No acumulado de 2020, o Ebitda somou R$ 229,14 milhões (+54,6%), enquanto o indicador incluindo incentivo fiscal totalizou R$ 243,20 milhões (+45,4%).

Os resultados da Aeris Energy (BOV:AERI3) referente a suas operações do quarto trimestre de 2020 foram divulgados no dia 09/02/2021. Confira o Press Release completo!

A receita líquida de 2020 foi de R$ 2,208 bilhões, crescimento de 164%, puxada pelas vendas de pás para o mercado interno.

4T20

A Aeris Energy registrou lucro líquido de R$ 15,629 milhões no quarto trimestre de 2020, queda de 61,2% em relação ao observado em igual período de 2019.

O Ebitda caiu 33,8% em base anual de comparação com o quarto trimestre de 2019, para R$ 45,475 milhões.

Considerando o incentivo fiscal Sudene, o indicador atingiu R$ 45,4 milhões, 33,8% inferior no comparativo anual.

A receita líquida operacional da Aeris atingiu R$ 749,924 milhões no quarto trimestre, crescendo 166% ante igual período de 2019.

O retorno sobre o capital investido (ROIC) ficou em 20,7% no último trimestre de 2020, uma redução de 8,1 pontos percentuais no comparativo anual. Segundo a empresa, a queda do indicador reflete o aumento de 133% no capital investido médio como preparação para a ampliação de capacidade produtiva, que atenderá a contratos de fornecimento de pás já assinados com clientes para os próximos anos.

Teleconferência

A Aeris Energy deve executar a maior parte dos investimentos restantes em expansão de capacidade produtiva ao longo do primeiro semestre de 2021, afirmou nesta quarta-feira Bruno Lolli, diretor de planejamento e de RI da companhia.
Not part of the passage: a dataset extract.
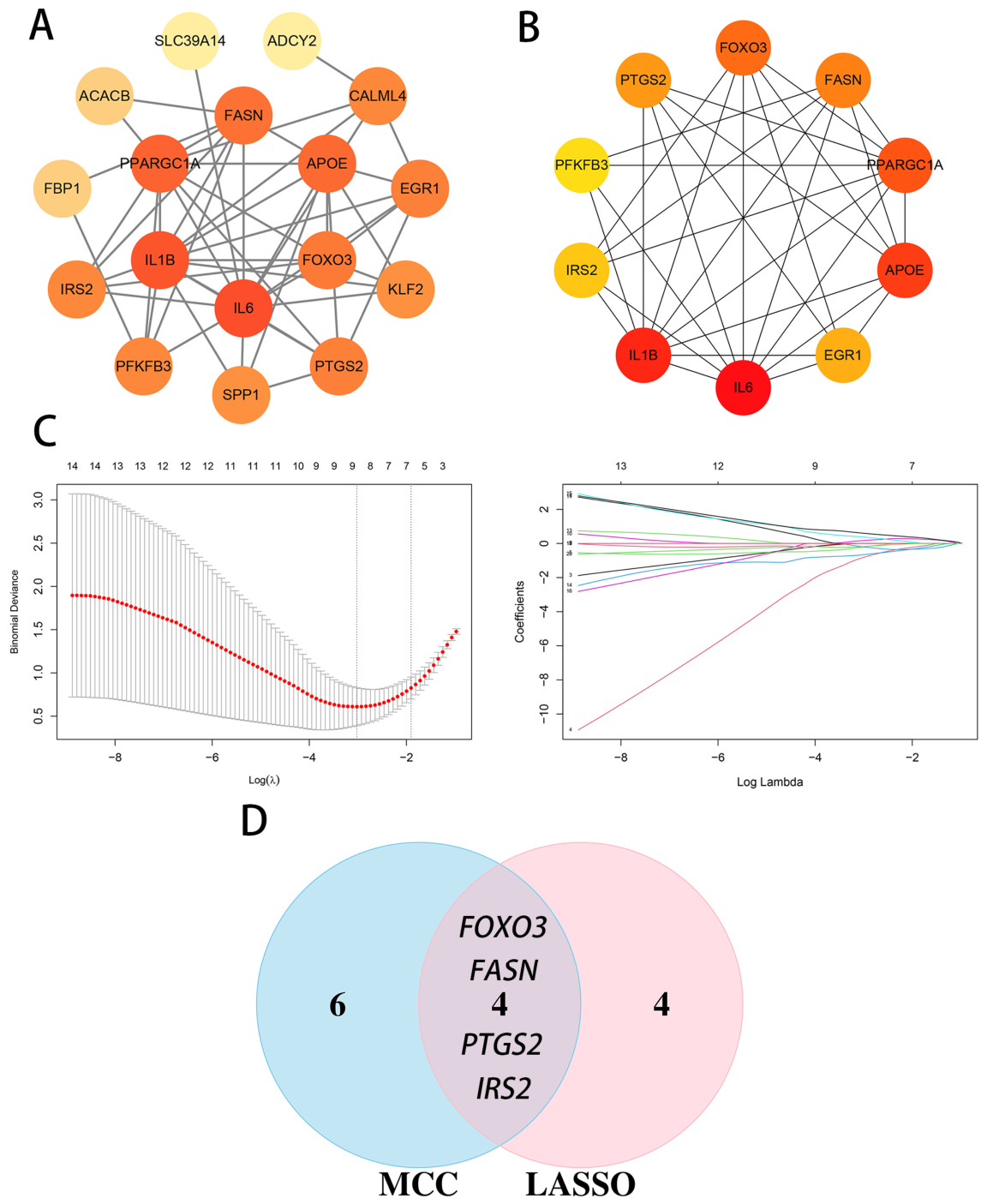 Expression Analysis of Mitochondrial Energy Metabolism−Related Genes ...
o executivo disse ainda que a expansão fabril ocupa apenas uma parte do terreno onde a planta está instalada, de forma que a companhia pode fazer novas ampliações caso seja necessário.

Lolli comentou ainda que, para 2021, a Aeris espera melhorar a proporção de linhas de produção maduras e não maduras – nas quais a capacidade produtiva plena ainda não foi atingida – em seu portfólio. No quarto trimestre de 2020, as margens da fabricante foram impactadas pela descontinuidade, já prevista, de cinco linhas maduras.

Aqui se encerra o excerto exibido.